For the murine experiments, full-length DUX4 and ACTB cDNA were cloned into the MSCV-IRES-eGFP retroviral vector. Ecotropic envelope-pseudotyped virus was generated using the Phoenix™-Eco cell line (Thermo Fisher Scientific, Waltham, MA, USA) as per manufacturers instructions.
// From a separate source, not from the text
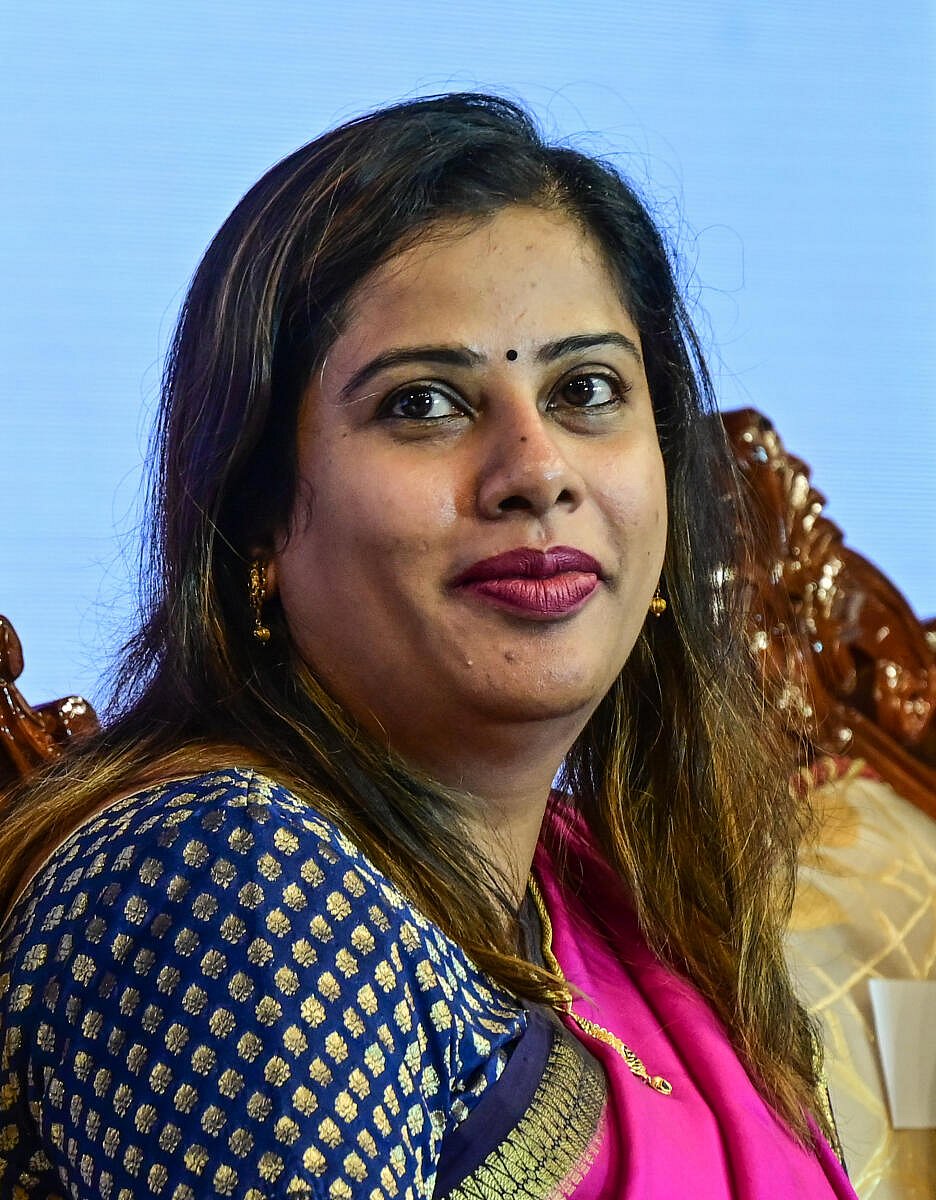 IAS Transfer: ಮತ್ತೆ 6 ಐಎಎಸ್ ಅಧಿಕಾರಿಗಳ ವರ್ಗ, ಮಂಜುಶ್ರೀಗೆ ಹೊಸ ಹುದ್ದೆ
Murine bone marrow from 4- to 6-week-old C57BL/6 mice was harvested, lineage depleted as per manufacturers instructions (Miltenyi Biotec, Bergisch Gladbach, Germany), and cultured in the presence of murine IL-3 (10 ng/ml), IL-6 (30 ng/ml), and SCF (50 ng/ml) (Pepro Tech US, Rocky Hill, NJ, US) for 24 h prior to transduction on RetroNectin (Takara Bio Inc.)49. Thirty-six to forty-eight hours following transduction with a single hit of virus, cells were harvested and analyzed by flow cytometry. Briefly, cells were washed and stained with annexin V conjugated to APC (BD Biosciences, San Jose, CA, USA) for 15 min at 4 °C, washed and resuspended in 4′,6-diamidino-2-phenylindole containing solution (1 μg/ml DAPI) for analysis using FACS LSR II D (BD Biosciences, San Jose, CA, USA). All animal studies were maintained and treated in accordance with guidelines approved by the Institutional Animal Care and Use Committee (IACUC) at St. Jude Children’s research hospital. For the Nalm6 cell line, a FLAG-tagged full-length DUX4 gene was cloned into the lentiviral construct pCDH (System Biosciences, Palo Alto, CA, USA). VSV-G pseudotyped virus was generated by transient transfection as per manufacturer’s instructions (System Biosciences, Palo Alto, CA, USA). Thirty-six hours following transduction with a single hit of virus, cells were harvested and analyzed by flow cytometry and described above. GFP-positive populations were flow sorted for western blot analysis to confirm expression of DUX4 from the lentiviral construct. The details of gating strategy for mice bone marrow and Nalm6 can be found in Supplementary Fig. 10.

In IGH-DUX4 B-ALL patients, the C-terminal truncation of DUX4 caused by translocation varies significant, from 4aa to ~200aa (16aa for Nalm6) based on previous studies by us and others8,9,10 (https://pecan.stjude.cloud/proteinpaint/DUX4). In a recent study, Dong et al. found that the wild-type DUX4 and IGH-DUX4 share similar DNA binding mechanism10. The crystal structure of Apo-DUX4HD2 and DNA-bound complex suggests that the N-terminal double homeobox domains are essential for IGH-DUX4 driven transactivation and B-ALL leukemogenesis. Combined, these data suggest the enhancer hijacking leading to expression of the DUX4 peptide is the real oncogenic effect. Therefore, the wild-type DUX4 was utilized in our apoptosis experiments.

Western blot analysis

Total protein was extracted from GFP positive flow sorted Nalm6 cells with RIPA lysis buffer and blotted with anti-FLAG (Sigma F3165; 10 µg/ml) and anti-Beta Actin (Abcam ab8227; 1:1000 dilution). Anti-mouse IgG superclonal-HRP (Invitrogen A28177; 1:5000 dilution) and anti-rabbit-HRP (Abcam ab6721-1; 1:3000 dilution) were used as secondary antibodies for FLAG and Beta Actin antibodies, respectively. Uncropped and unprocessed scans can be found in Supplementary Fig. 11.

Reporting summary

Further information on research design is available in the Nature Research Reporting Summary linked to this article.